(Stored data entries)
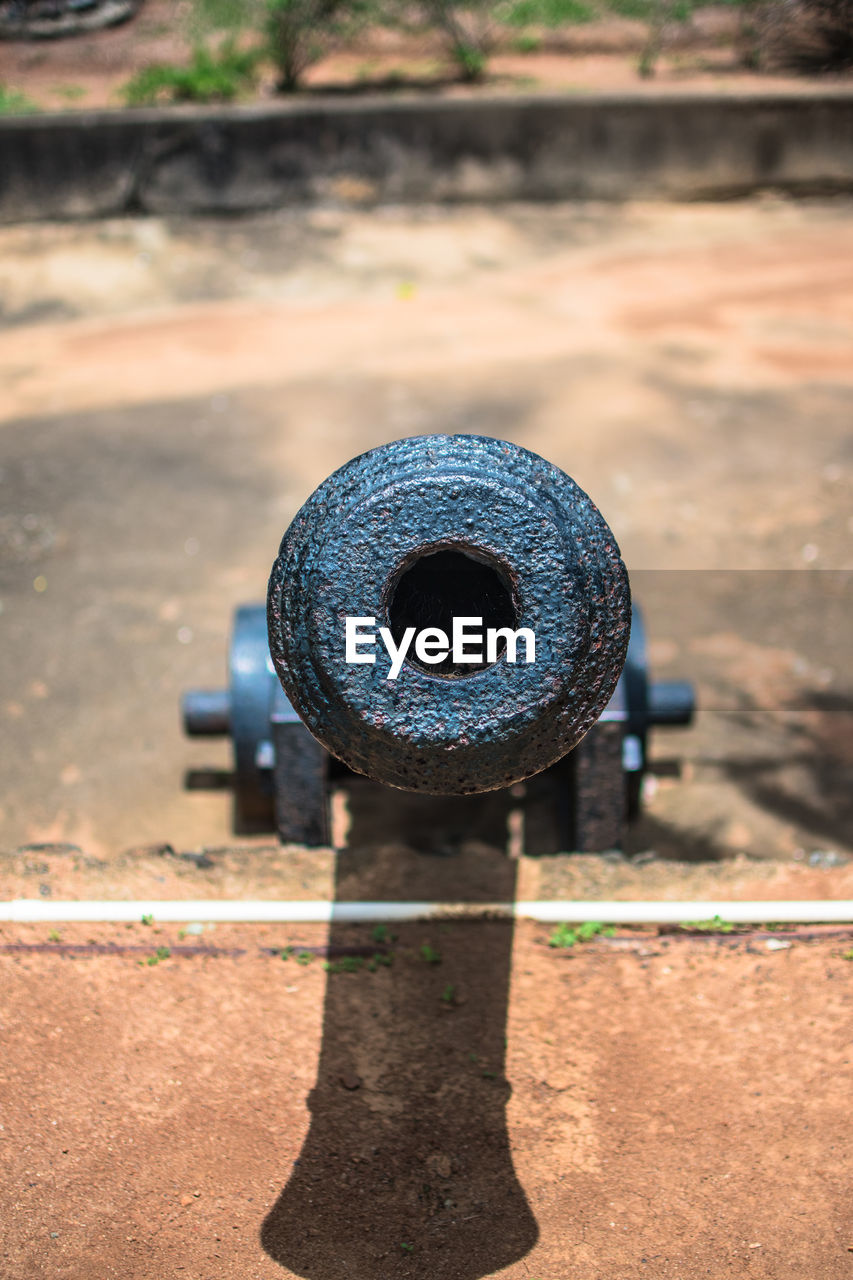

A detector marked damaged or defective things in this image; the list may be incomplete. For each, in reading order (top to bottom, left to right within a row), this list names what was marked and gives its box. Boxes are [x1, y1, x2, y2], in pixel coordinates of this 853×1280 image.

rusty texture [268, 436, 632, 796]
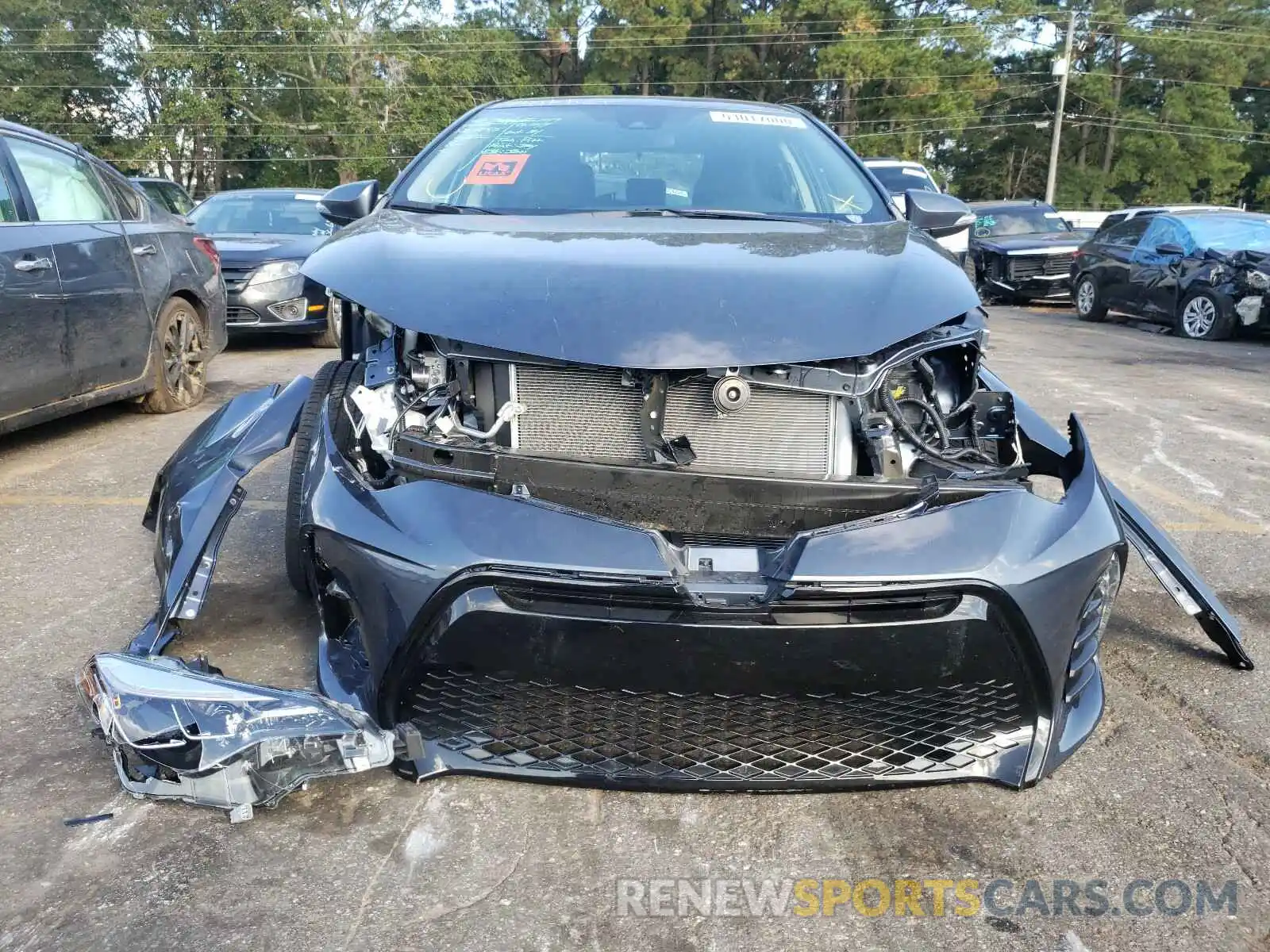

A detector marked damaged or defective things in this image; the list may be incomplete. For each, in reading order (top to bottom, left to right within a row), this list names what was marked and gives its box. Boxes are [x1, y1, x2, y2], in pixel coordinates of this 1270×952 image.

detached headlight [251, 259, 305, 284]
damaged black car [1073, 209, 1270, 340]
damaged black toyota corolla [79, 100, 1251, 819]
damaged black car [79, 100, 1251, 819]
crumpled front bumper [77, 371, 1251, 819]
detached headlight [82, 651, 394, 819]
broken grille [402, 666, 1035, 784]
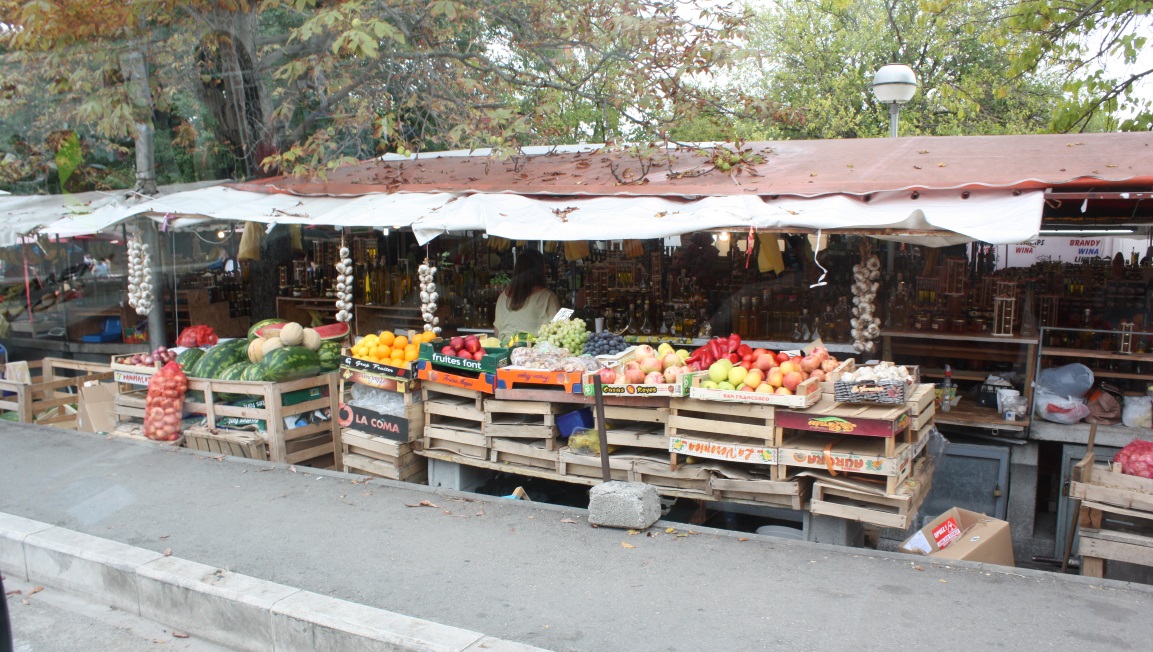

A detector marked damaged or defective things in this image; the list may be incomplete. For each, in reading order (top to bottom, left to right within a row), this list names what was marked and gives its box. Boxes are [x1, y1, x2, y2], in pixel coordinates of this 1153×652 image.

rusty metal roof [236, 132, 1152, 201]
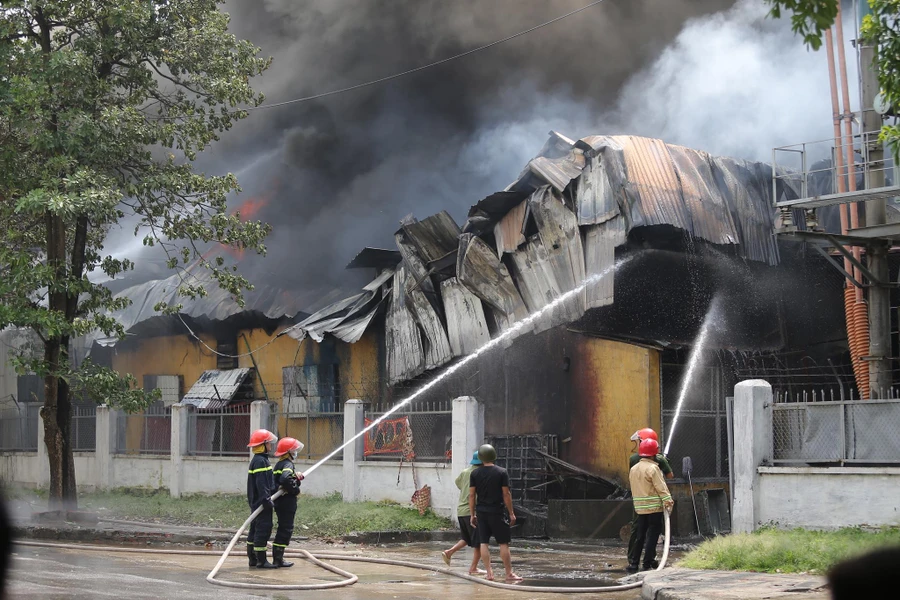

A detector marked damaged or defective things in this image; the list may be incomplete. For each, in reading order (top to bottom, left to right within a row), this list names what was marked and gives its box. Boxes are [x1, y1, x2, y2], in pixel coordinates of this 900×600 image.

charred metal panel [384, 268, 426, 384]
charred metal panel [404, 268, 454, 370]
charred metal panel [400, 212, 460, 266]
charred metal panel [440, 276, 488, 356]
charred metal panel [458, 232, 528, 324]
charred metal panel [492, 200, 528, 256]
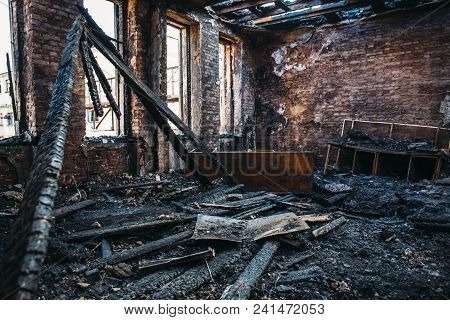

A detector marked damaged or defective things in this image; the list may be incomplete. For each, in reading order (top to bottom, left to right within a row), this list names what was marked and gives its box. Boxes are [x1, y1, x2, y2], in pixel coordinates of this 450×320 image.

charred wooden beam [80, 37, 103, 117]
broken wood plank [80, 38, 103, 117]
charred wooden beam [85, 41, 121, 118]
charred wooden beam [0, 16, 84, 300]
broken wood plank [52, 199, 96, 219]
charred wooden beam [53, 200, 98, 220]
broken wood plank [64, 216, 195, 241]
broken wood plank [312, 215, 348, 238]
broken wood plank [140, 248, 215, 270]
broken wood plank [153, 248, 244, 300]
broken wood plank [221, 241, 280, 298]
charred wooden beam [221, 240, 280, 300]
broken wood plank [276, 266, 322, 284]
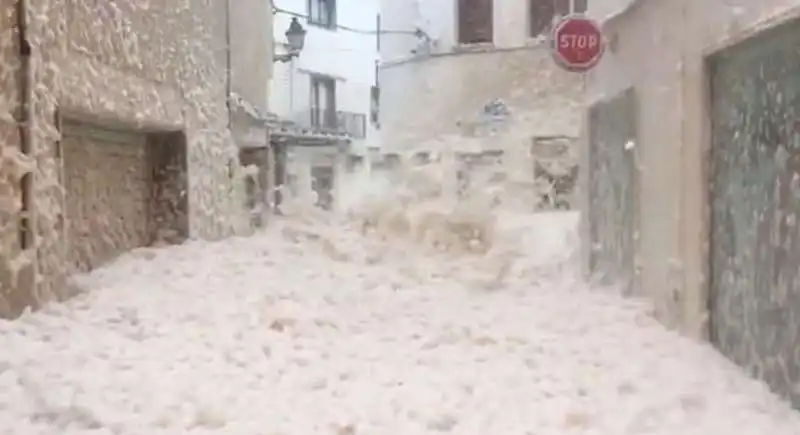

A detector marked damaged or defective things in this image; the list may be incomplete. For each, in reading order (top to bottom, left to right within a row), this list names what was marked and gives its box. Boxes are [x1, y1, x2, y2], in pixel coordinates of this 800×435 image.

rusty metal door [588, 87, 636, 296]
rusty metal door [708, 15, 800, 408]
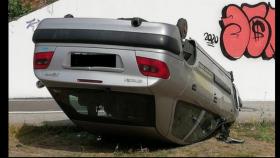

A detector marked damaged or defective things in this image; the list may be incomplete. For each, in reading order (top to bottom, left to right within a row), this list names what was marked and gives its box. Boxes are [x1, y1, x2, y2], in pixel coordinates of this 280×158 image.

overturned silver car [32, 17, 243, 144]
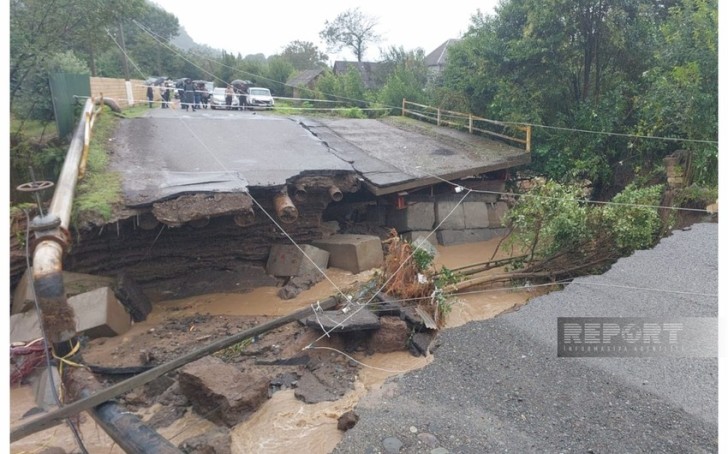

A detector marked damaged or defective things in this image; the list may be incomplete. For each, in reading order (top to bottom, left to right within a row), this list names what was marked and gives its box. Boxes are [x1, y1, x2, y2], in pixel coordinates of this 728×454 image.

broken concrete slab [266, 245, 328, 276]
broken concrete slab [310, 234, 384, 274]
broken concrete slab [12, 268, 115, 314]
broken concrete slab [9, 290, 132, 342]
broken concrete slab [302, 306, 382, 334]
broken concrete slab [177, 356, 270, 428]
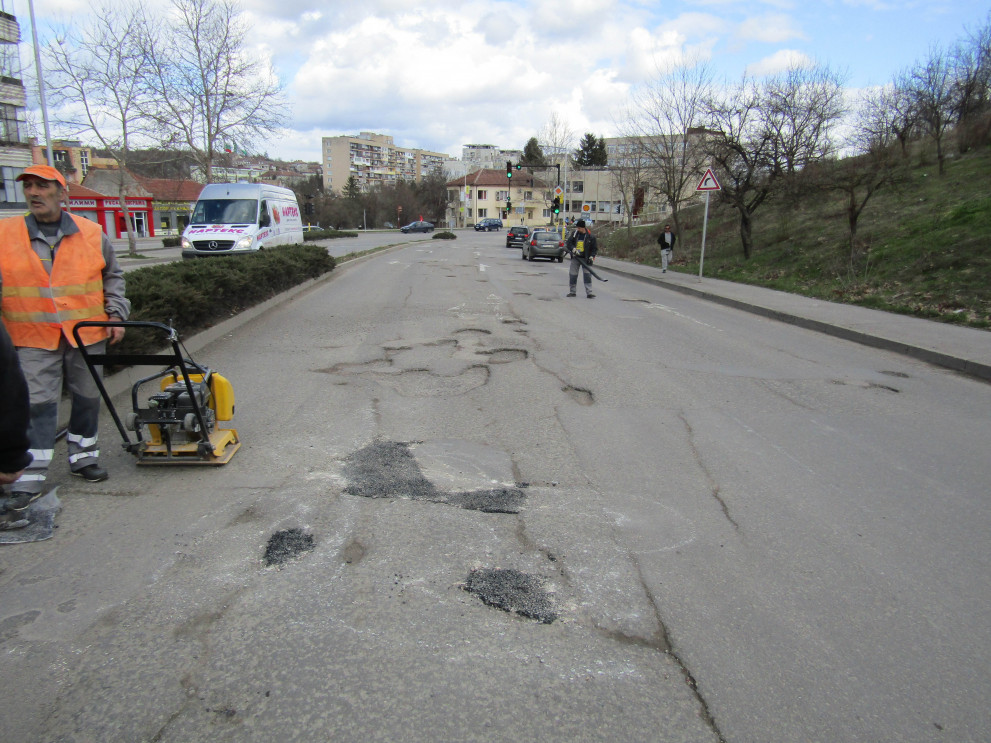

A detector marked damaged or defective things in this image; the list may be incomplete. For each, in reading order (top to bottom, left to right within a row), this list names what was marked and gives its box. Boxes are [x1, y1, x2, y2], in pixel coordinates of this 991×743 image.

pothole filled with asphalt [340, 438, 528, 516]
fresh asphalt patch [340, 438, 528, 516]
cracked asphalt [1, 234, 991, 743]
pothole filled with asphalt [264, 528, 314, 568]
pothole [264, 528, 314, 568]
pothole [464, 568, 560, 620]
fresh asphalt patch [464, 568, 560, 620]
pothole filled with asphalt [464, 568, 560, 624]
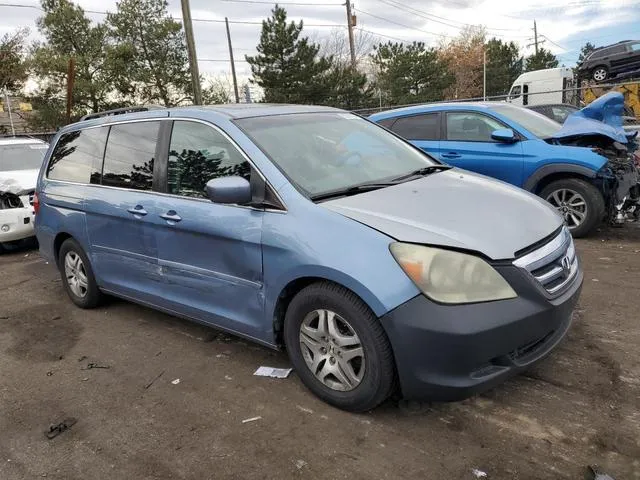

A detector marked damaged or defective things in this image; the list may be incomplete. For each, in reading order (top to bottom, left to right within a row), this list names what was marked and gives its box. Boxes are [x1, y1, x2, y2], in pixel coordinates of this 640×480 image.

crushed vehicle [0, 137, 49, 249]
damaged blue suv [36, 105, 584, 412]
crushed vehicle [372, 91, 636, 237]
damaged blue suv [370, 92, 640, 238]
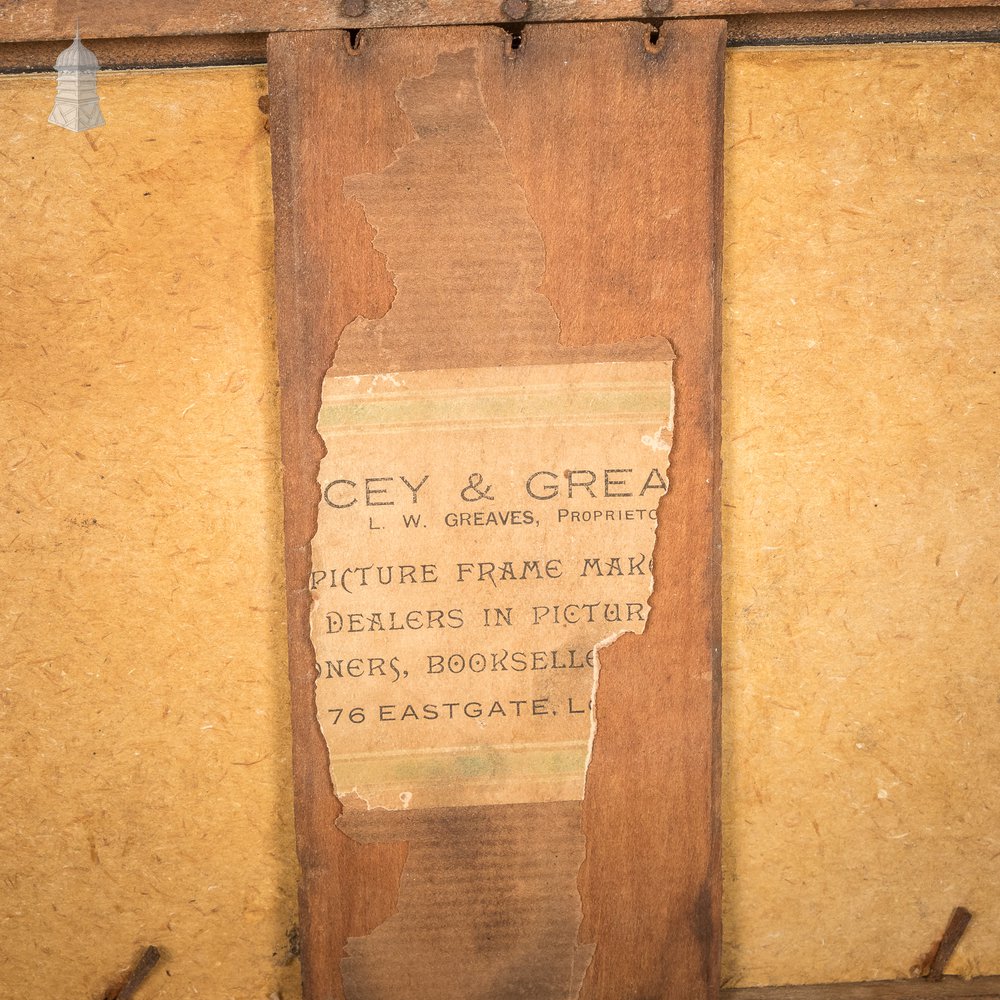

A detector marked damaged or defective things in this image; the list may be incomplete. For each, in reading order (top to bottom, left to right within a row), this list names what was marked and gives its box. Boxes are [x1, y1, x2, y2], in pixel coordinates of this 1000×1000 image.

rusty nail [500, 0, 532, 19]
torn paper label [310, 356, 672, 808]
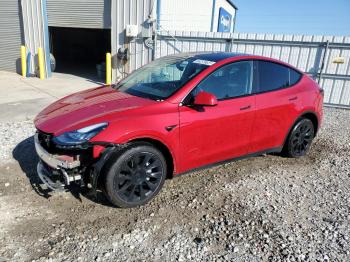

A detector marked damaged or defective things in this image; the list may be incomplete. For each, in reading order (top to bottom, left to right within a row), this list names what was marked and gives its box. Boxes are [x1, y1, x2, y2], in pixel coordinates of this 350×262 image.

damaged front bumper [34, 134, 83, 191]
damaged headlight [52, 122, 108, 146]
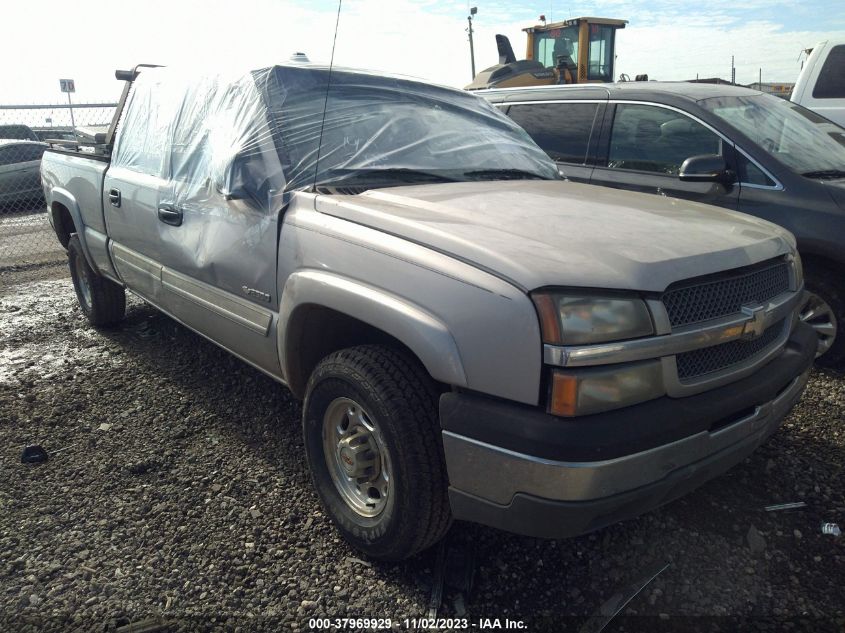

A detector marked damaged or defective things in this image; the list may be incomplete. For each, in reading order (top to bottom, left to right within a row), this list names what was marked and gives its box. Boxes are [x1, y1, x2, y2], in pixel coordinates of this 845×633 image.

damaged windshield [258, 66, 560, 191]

TASK STATEMENT:
Restate, exactly as they appear, the line with "this 350×262 image." and all the lines after it up to the end of the data above; images do not belong in the copy.

PROBLEM SOLUTION:
A detector marked damaged or defective things in this image; the list may be incomplete. For each, in reading order (top to bottom, left to right within a row), this list names what was marked and gives its box. Boxes are [x1, y1, x2, y2], in pixel coordinates of this 350×262 image.

damaged front bumper [34, 134, 83, 191]
damaged headlight [52, 122, 108, 146]

A detector marked damaged or defective things in this image; the list may be incomplete. For each, in reading order (top to bottom, left to right within a row), this list names what was marked and gives its box. Boxes are [x1, y1, x2, y2], in pixel coordinates of this 845×633 image.

damaged windshield [258, 66, 560, 191]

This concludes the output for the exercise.